Limitations and prospects

There are still some limitations in the methods and data used. First, due to issues with data availability, when using the InVEST model to simulate Nr loss over the past 30 years, the Nr load of croplands varied with different years, while that for other land covers was fixed. Although this approach is widely used in the model and we obtained reliable simulation results22,45,68, it may introduce some bias and uncertainty. Therefore, future studies should improve the Nr load for different periods to simulate Nr loss more accurately. Secondly, when predicting future scenarios of Nr loss, to better explore the impact of land use on Nr loss, we only changed land use under different scenarios in the model settings without considering the influence of meteorological factors on Nr loss. However, Nr loss is affected by various factors, and the actual situation may be more complex. Future studies should improve the settings for these factors. Finally, this study simulated and predicted Nr loss and its driving factors at the watershed scale. However, Nr loss varies and is complex at different scales. Therefore, in the future, we will consider analyzing and explaining Nr loss and attribution from multiple scales such as sub-watersheds, counties, altitude gradients, etc.

Conclusions

In this study, we combined InVEST and GeoDetector models to simulate and study the Nr loss and influencing factors in the TLB and simulated seven possible scenarios. Changes in the Nr loss hot spots in the TLB and driving forces over the past 30 years were clarified and subsequently, the future Nr losses under various scenarios were predicted. The results show that from 1990 to 2020, the highest Nr loss from the TLB was found to be 1.82 × 105 t N in 2000, and the city gradually became a hot spot for Nr loss. Implementing ecological protection, increasing nutrient use, and reducing fertilizer application can reduce N loss. Land use percentage (BLP) on Nr loss increases gradually, reaching a q-value of 0.54 by 2020. Nr loss is also constrained by topography and soil, with average q-values of 0.52, 0.51, and 0.48 for elevation, soil, and slope.
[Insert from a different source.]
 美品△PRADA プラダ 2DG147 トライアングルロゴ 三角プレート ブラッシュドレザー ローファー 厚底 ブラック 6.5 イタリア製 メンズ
The influence of population factors on N loss is also increasing yearly. Based on the above conclusions, we suggest that watershed managers should strengthen the implementation of soil and water conservation measures on cropland in high and steep slope areas, implement an encouraging policy of returning farmland to forest and reduce Nr loss by establishing river buffer zones, while the size of cities and population needs to be controlled and the level of wastewater treatment needs to be improved. Our study can provide a scientific reference for watershed management. Further studies will be conducted for different sub-basins to provide more precise solutions for water pollution management.